=== Begin Enclosure ===

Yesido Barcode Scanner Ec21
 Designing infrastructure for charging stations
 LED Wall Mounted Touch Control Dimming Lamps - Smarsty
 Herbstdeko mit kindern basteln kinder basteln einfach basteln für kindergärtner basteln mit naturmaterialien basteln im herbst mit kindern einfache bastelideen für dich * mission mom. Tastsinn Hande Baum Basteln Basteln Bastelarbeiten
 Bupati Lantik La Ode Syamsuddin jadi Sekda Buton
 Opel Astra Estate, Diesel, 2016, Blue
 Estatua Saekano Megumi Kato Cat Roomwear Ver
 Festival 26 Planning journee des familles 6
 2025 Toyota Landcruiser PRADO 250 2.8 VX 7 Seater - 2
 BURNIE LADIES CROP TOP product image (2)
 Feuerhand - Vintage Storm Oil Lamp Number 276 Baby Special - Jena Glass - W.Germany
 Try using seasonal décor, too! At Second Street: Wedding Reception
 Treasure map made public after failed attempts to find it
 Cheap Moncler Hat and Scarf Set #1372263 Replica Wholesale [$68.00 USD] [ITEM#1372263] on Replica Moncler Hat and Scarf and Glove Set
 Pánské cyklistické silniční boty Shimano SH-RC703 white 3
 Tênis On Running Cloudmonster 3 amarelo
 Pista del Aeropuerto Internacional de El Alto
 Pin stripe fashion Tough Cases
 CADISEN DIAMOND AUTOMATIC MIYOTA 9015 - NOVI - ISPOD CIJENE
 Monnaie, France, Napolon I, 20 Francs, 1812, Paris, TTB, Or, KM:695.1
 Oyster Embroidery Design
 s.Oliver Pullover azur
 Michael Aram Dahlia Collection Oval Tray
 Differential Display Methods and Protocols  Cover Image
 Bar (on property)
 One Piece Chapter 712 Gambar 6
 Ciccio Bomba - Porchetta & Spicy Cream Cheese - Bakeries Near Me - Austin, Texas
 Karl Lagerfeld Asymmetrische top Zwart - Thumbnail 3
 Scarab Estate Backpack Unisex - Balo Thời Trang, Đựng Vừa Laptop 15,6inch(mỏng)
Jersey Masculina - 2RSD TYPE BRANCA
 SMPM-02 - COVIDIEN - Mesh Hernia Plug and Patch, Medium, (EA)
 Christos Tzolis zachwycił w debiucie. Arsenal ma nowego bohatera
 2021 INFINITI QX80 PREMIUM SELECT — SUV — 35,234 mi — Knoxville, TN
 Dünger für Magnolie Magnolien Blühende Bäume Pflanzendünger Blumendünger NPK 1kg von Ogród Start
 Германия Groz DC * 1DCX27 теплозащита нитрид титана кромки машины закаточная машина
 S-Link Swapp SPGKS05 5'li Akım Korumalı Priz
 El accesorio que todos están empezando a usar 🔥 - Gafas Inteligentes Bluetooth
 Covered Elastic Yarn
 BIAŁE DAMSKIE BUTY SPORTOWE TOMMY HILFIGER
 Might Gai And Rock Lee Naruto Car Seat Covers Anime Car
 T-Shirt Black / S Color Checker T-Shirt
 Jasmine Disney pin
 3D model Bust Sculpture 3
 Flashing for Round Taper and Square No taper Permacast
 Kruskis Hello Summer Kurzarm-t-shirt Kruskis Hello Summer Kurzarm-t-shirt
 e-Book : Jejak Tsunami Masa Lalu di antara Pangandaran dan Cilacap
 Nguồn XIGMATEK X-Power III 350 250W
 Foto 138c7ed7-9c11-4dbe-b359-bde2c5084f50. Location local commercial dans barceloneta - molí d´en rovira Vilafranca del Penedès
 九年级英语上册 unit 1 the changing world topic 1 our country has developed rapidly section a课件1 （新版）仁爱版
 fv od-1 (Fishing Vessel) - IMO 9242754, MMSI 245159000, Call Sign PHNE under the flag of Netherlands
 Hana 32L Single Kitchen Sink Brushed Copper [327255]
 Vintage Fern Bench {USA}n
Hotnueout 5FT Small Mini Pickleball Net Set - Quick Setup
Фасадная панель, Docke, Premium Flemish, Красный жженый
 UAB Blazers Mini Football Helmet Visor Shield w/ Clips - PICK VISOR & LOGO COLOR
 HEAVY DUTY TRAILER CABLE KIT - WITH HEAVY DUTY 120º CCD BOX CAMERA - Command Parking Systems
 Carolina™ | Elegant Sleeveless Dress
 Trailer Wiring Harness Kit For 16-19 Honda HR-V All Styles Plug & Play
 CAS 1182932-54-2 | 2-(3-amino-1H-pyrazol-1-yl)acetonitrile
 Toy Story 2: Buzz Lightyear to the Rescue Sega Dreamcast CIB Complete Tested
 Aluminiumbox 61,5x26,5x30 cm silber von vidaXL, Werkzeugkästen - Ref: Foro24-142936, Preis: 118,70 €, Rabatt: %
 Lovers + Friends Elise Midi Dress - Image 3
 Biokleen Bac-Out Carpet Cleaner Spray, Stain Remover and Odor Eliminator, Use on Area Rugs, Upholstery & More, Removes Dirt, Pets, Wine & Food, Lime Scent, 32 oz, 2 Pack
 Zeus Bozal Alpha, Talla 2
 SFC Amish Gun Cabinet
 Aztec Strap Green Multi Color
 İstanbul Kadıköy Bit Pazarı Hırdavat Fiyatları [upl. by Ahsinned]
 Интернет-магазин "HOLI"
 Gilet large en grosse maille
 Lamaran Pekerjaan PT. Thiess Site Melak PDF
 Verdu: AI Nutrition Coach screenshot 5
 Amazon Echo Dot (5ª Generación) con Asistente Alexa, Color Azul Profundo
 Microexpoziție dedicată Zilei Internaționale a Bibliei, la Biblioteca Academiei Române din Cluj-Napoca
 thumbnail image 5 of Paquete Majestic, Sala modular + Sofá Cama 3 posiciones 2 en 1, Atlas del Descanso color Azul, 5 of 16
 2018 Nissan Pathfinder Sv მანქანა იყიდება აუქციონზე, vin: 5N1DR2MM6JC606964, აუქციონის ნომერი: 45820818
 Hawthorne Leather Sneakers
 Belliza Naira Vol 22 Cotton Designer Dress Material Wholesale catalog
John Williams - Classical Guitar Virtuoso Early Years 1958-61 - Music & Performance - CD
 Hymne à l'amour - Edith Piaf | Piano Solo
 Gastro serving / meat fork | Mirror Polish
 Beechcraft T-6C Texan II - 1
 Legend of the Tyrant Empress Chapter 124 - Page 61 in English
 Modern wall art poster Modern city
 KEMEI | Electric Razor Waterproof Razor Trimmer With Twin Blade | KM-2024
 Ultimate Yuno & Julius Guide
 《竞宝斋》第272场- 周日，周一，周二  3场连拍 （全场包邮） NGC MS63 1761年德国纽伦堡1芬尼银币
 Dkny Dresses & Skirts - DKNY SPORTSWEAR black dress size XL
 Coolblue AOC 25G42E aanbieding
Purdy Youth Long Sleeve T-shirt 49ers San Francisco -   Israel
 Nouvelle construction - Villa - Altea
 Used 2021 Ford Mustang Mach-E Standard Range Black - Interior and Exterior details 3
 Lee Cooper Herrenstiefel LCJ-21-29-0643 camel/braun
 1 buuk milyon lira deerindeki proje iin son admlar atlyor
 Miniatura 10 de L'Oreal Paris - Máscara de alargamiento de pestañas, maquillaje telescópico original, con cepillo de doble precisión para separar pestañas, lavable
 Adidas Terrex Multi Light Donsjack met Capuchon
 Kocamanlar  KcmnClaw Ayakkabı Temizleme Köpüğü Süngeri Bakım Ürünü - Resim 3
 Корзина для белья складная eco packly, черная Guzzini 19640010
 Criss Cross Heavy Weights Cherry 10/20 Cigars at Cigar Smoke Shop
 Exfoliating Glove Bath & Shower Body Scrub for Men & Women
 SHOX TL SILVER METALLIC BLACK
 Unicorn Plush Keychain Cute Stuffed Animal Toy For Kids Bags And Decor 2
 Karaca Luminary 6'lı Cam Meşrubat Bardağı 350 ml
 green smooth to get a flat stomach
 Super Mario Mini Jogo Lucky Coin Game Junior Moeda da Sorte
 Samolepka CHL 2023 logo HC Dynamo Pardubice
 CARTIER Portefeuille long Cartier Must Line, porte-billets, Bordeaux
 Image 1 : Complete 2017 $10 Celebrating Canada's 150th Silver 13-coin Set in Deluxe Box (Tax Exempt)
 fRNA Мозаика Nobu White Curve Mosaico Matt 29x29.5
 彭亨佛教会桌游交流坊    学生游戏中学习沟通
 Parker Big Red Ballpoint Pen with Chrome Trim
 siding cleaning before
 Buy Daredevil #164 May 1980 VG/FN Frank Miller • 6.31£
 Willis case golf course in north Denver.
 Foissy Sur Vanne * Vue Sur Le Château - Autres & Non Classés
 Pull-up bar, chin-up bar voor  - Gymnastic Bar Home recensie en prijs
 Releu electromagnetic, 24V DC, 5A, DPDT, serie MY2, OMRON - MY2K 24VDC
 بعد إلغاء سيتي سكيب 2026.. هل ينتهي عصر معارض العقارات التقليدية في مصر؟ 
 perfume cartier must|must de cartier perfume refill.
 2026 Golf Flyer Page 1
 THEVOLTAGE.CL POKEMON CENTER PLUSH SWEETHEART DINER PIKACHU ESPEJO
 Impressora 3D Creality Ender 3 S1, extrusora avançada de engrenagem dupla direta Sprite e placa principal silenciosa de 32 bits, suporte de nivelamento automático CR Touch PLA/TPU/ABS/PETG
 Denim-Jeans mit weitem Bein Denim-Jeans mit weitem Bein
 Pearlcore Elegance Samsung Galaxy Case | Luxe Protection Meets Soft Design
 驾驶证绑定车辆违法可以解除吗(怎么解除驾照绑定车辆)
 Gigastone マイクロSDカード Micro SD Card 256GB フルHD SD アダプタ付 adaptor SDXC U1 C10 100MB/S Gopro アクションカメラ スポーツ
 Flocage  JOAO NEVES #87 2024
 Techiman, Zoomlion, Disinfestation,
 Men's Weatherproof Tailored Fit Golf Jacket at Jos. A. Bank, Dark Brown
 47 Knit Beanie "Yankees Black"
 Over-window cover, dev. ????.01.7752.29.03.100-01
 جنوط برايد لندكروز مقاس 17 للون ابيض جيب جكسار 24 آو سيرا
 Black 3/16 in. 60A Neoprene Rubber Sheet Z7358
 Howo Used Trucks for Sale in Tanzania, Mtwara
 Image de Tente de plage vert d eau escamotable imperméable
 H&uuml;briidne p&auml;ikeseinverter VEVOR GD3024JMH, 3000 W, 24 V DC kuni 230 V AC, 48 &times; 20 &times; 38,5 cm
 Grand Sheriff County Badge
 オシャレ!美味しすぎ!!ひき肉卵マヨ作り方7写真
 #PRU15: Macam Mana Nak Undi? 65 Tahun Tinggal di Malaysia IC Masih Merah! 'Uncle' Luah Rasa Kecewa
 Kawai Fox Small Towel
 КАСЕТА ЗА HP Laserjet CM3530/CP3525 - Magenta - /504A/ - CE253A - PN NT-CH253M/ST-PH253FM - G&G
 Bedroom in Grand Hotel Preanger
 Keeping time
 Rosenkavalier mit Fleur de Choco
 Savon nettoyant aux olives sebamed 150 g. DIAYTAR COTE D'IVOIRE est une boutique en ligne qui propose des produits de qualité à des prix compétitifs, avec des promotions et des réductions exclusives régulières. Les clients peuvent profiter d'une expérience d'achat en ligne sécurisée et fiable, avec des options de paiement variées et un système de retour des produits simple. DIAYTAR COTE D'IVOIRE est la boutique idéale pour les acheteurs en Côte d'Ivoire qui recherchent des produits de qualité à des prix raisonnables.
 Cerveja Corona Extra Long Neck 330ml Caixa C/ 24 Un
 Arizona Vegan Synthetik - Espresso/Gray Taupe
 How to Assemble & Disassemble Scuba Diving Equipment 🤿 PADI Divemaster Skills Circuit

=== End Enclosure ===

Task ::
Copy out the lines from the line containing "Kawai Fox Small Towel" to the end of the listing above, without alteration.

Expected answer ::
 Kawai Fox Small Towel
 КАСЕТА ЗА HP Laserjet CM3530/CP3525 - Magenta - /504A/ - CE253A - PN NT-CH253M/ST-PH253FM - G&G
 Bedroom in Grand Hotel Preanger
 Keeping time
 Rosenkavalier mit Fleur de Choco
 Savon nettoyant aux olives sebamed 150 g. DIAYTAR COTE D'IVOIRE est une boutique en ligne qui propose des produits de qualité à des prix compétitifs, avec des promotions et des réductions exclusives régulières. Les clients peuvent profiter d'une expérience d'achat en ligne sécurisée et fiable, avec des options de paiement variées et un système de retour des produits simple. DIAYTAR COTE D'IVOIRE est la boutique idéale pour les acheteurs en Côte d'Ivoire qui recherchent des produits de qualité à des prix raisonnables.
 Cerveja Corona Extra Long Neck 330ml Caixa C/ 24 Un
 Arizona Vegan Synthetik - Espresso/Gray Taupe
 How to Assemble & Disassemble Scuba Diving Equipment 🤿 PADI Divemaster Skills Circuit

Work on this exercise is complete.